Sitwa veröffentlichte Interviews mit sechs Personen, die Razem wegen des dort grassierenden Antisemitismus verlassen haben. Sie berichten, wie die Razem-Ortsgruppe in Danzig vor einigen Jahren eine »propalästinensische« Demonstration vor der einzigen Synagoge der Stadt organisieren wollte. Nach einer antiisraelischen Parteiresolution posteten einige Mitglieder in geschlossenen Chat-Gruppen der Partei islamistische Parolen, in denen sie Allah lobten.

Antisemitische Stereotype prägten den polnischen Präsidentschaftswahlkampf. Rafał Trzaskowski von der liberal-konservativen Bürgerkoalition versuchte, sich ihnen entgegenzustellen, und brach eine Debatte mit Grzegorz Braun wegen dessen antisemitischer Äußerungen ab.

Die Interviewten beschreiben die Beschimpfungen, denen sie ausgesetzt waren, als sie versuchten, antisemitisches Verhalten in der Partei zu kritisieren. Jeder Versuch, Israel positiv oder auch nur neutral darzustellen, sei demnach verspottet worden. Die Befragten kommen zu dem Schluss, dass die Mobilisierung »propalästinensischer« Kräfte der Parteiführung zugute komme und daher nichts gegen den wachsenden Extremismus unternommen werde. Alle sechs sind sich einig, dass es in Razem keinen Platz für Widerstand gegen Antisemitismus gibt.

Antisemitische Stereotype prägten den polnischen Präsidentschaftswahlkampf. Rafał Trzaskowski von der liberal-konservativen Bürgerkoalition versuchte, sich ihnen entgegenzustellen, und brach eine Debatte mit Braun wegen dessen antisemitischer Äußerungen ab. Trzaskowski verlor in der Stichwahl knapp gegen Karol Nawrocki, der eine geschichtsrevisionistisch-nationalistische Deutung des Holocaust zu einem Teil seiner Wahlkampagne gemacht hatte und um Brauns Anhänger geworben hatte.

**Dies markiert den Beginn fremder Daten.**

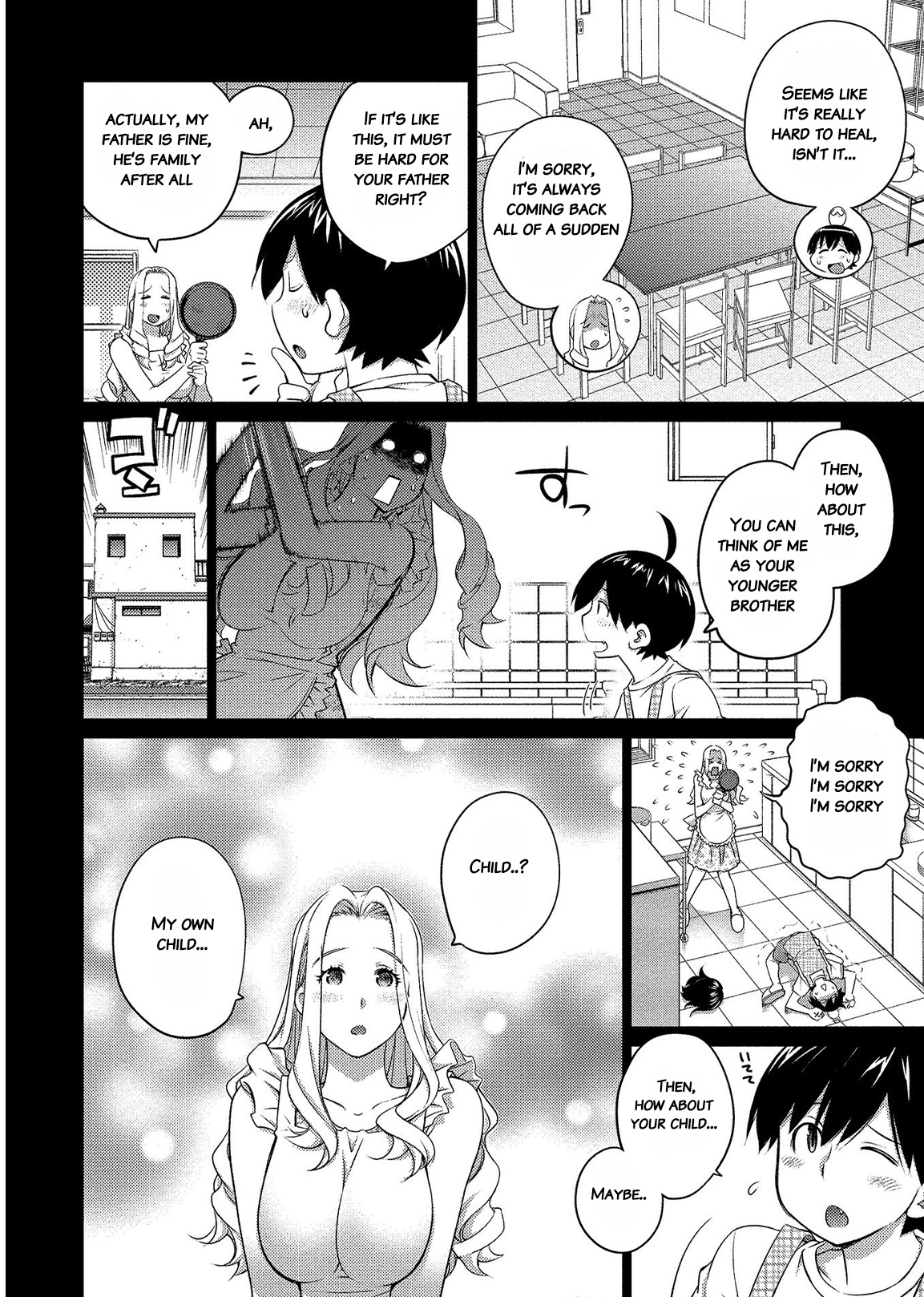 Ookii Onnanoko wa Suki desu ka? Chapter 48 - Page 2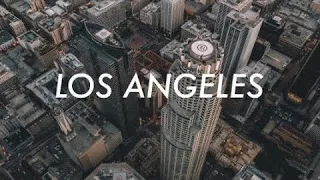40 Minutes of LOS ANGELES Beautiful Aerial Drone Stock Video Footage [4K]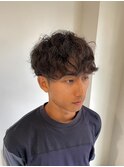 ニュアンスツイストパーマ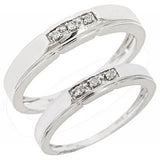 GOLD/DIAMOND BAND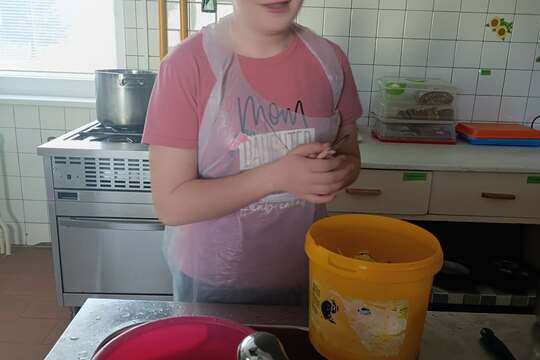 Pomocníci v kuchyni  1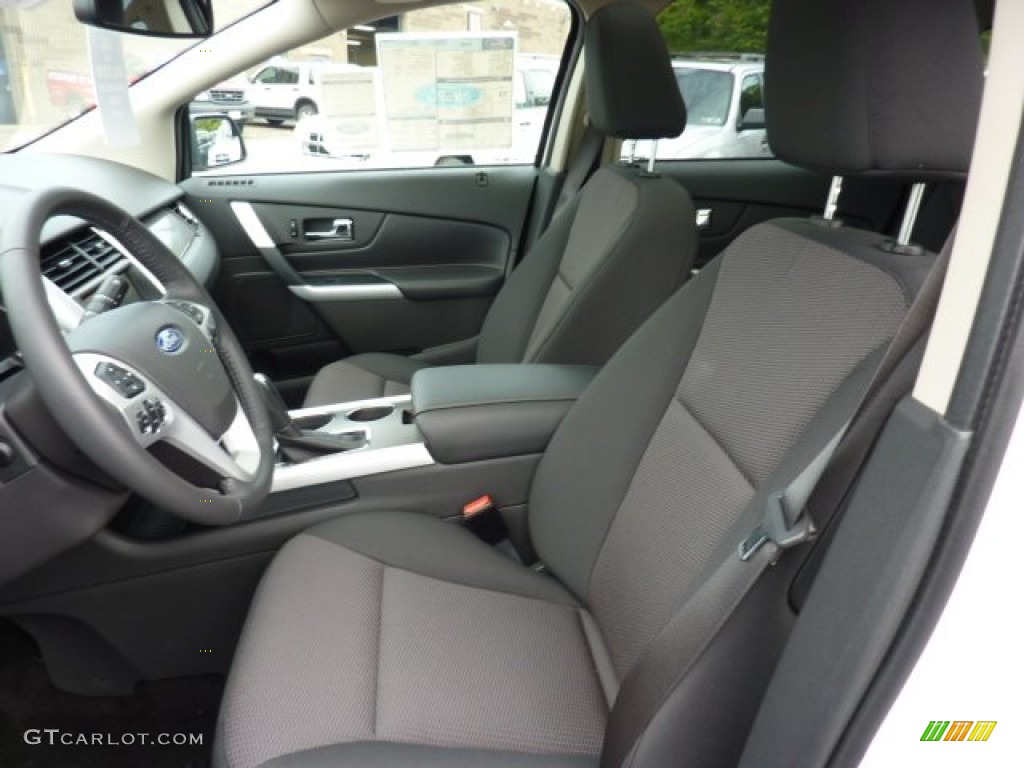 2011 Edge SEL - White Platinum Tri-Coat / Charcoal Black photo #8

Auch Biejat hatte sich gegen Brauns Rhetorik ausgesprochen – allerdings hat sie auch irreführende antiisraelische Inhalte verbreitet. Den Vogel abgeschossen hat jedoch Zandberg, der es nicht nur versäumte, sich gegen Antisemitismus auszusprechen, sondern ausdrücklich erklärte, dass er mit Braun, Polens schlimmstem Antisemiten, übereinstimme – was zeigt, wie ernst das Problem des Antisemitismus in der öffentlichen Debatte Polens ist und wie tief die politische Linke, einschließlich Razem, darin verstrickt ist.